Duplicates
Data quality is very important for us. Therefore, our moderation team is investing additional time to determine false-positives and potential duplicates.
Identification & Handling
In rare occasions a duplicate is added to the database. As soon as we are aware of this, we initiate the following process:
- Identify parent entry, which is usually the first entry that got added to the database
- Merge the data of the new duplicate into the existing original
- Flag the duplicate as such and reference the original
Behavior of Entries
This leads to the following effect on the service which shall be demonstrated on VDB-243107 which was replaced by VDB-233216:
- The duplicate is hidden in most overview lists on the web site (e.g. recent, archive, search)
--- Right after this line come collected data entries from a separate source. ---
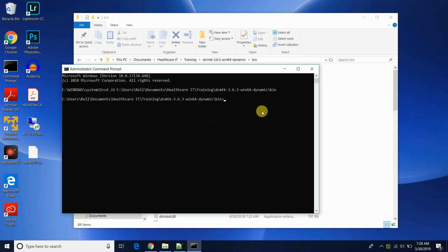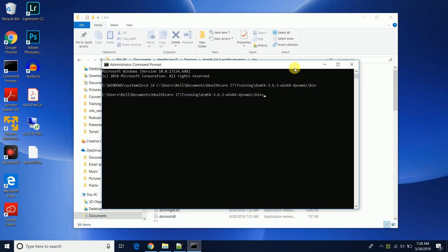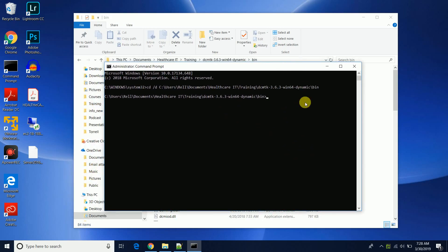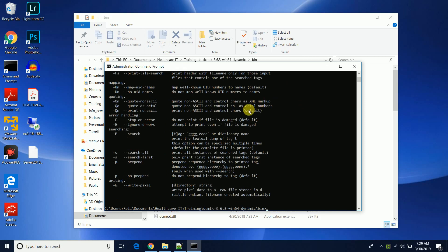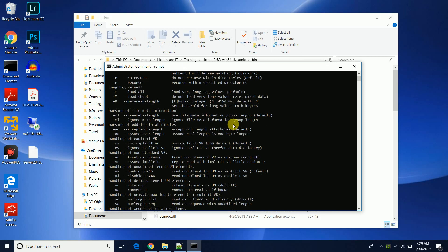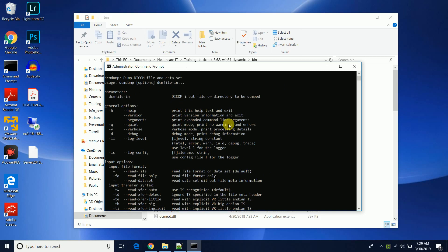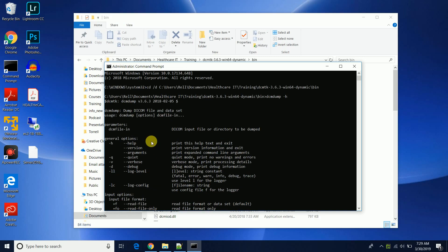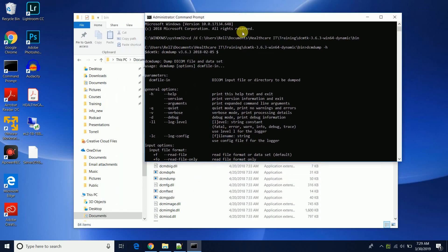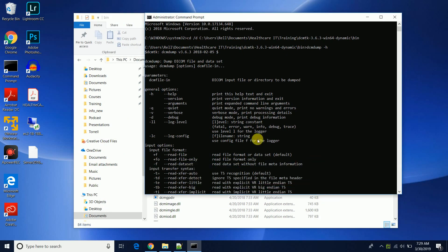Now we're gonna just run our DICOM dump test. So we're gonna do DCM dump and if you wanted to also display what parameters and options you have for DCM dump or any application in the DICOM toolkit, you can do dash dash H and it gives you all of your options and parameters that you have available.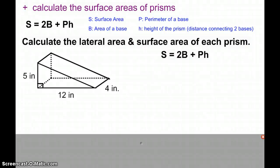We're going to look at calculating the surface areas of different prisms. The formula for finding the surface area of a prism is S = 2B + PH.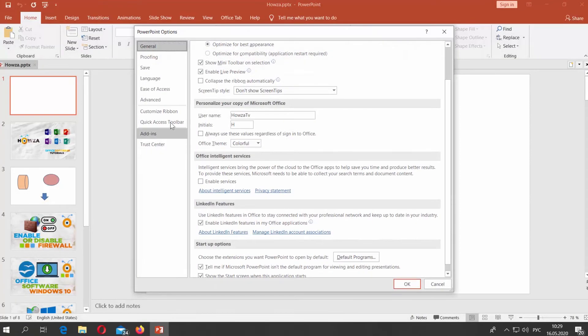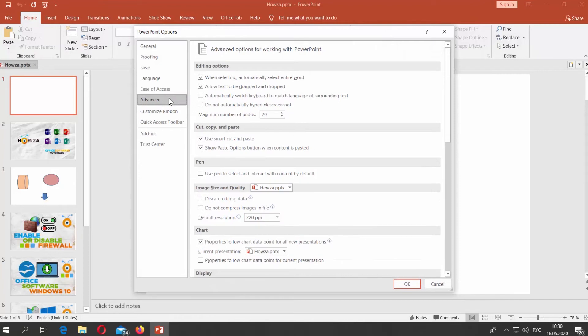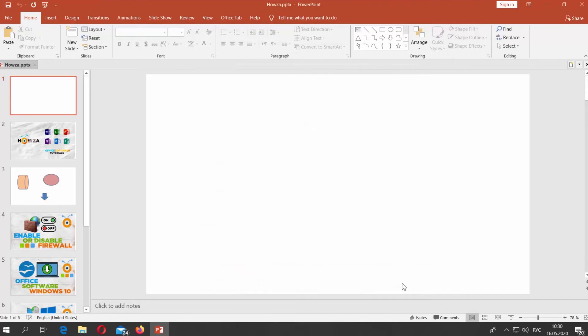Go to Advanced. If you want to disable the option, uncheck Use Smart Cut & Paste. Click OK.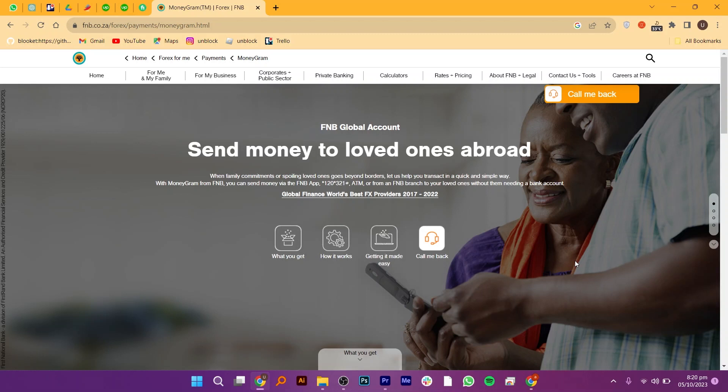Once everything is correct, confirm the transfer. Depending on your FNB online banking security settings, you may need to enter a one-time PIN or provide other authentication to authorize the transfer. The recipient will receive a notification with instructions on how to access the funds.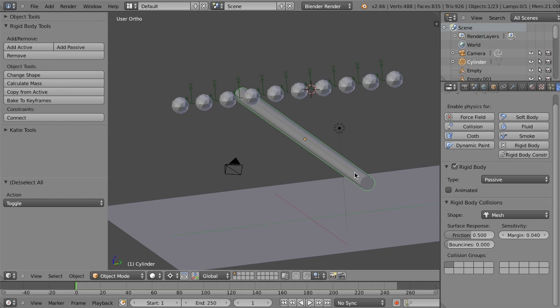So that's just a quick overview of the rigidbody tools in Blender 2.66. They're an awful lot of fun to play with and give us a lot of new power that previously we weren't able to use inside Blender.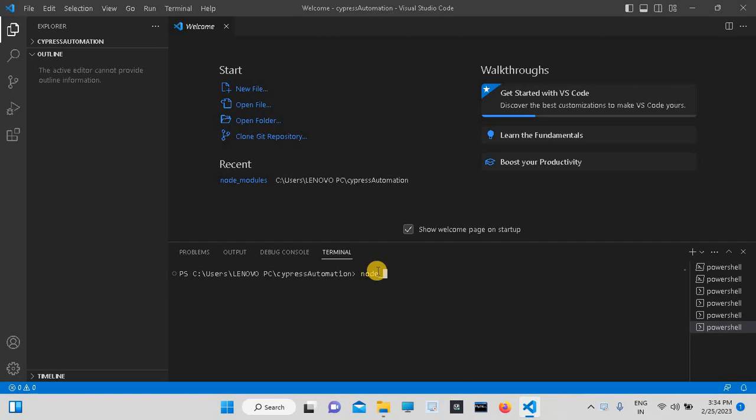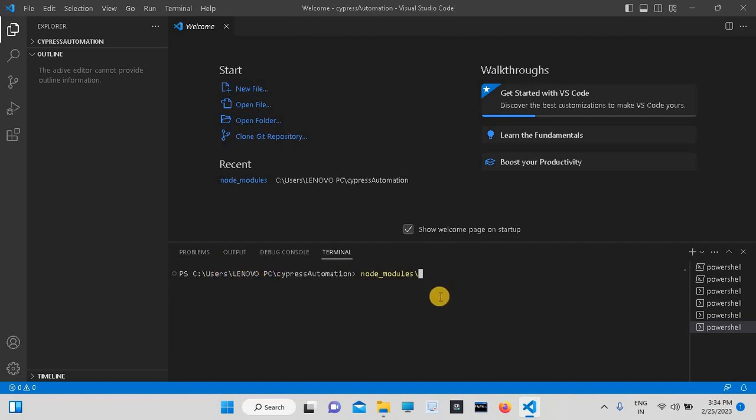underscore modules, backward slash. Because we are using Windows system, all of this is in backward slash. Just press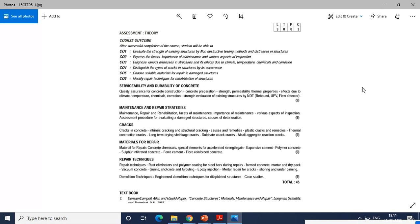Chapter number five is repair techniques. In that we are going to study about rust eliminators and coatings for steel bars at the time of repairs or rehabilitation, formed concrete, mortar and dry pack, vacuum concrete, the gunite, shotcrete and grouting methods. Normally we use those methodologies for repair and rehabilitation works, epoxy injection, mortar repair for cracks, shoring and underpinning.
- Accessing the duplicate entry will enforce an HTTP redirect to the correct entry
- Accessing Diff and History Views of a duplicate remains possible
- Accessing the duplicate via API shows the obsolete duplicate entry data which contains the additional data field
entry_replacedby
(this is the indicator that this is a duplicate that got merged) - Accessing the correct entry shows the correct entry data which might also contain the data field
entry_replaces
for backlinking purposes
CVE Duplicates
If a CVE is a duplicate we approach such like this:
- If we are the responsible CNA, we will flag the duplicate CVE as such and revoke it
- If we are not the responsible CNA, we will add the duplicate CVE to our existing entry
Split Methodology
Please consider our splitting methodology which might affect duplicate handling as well.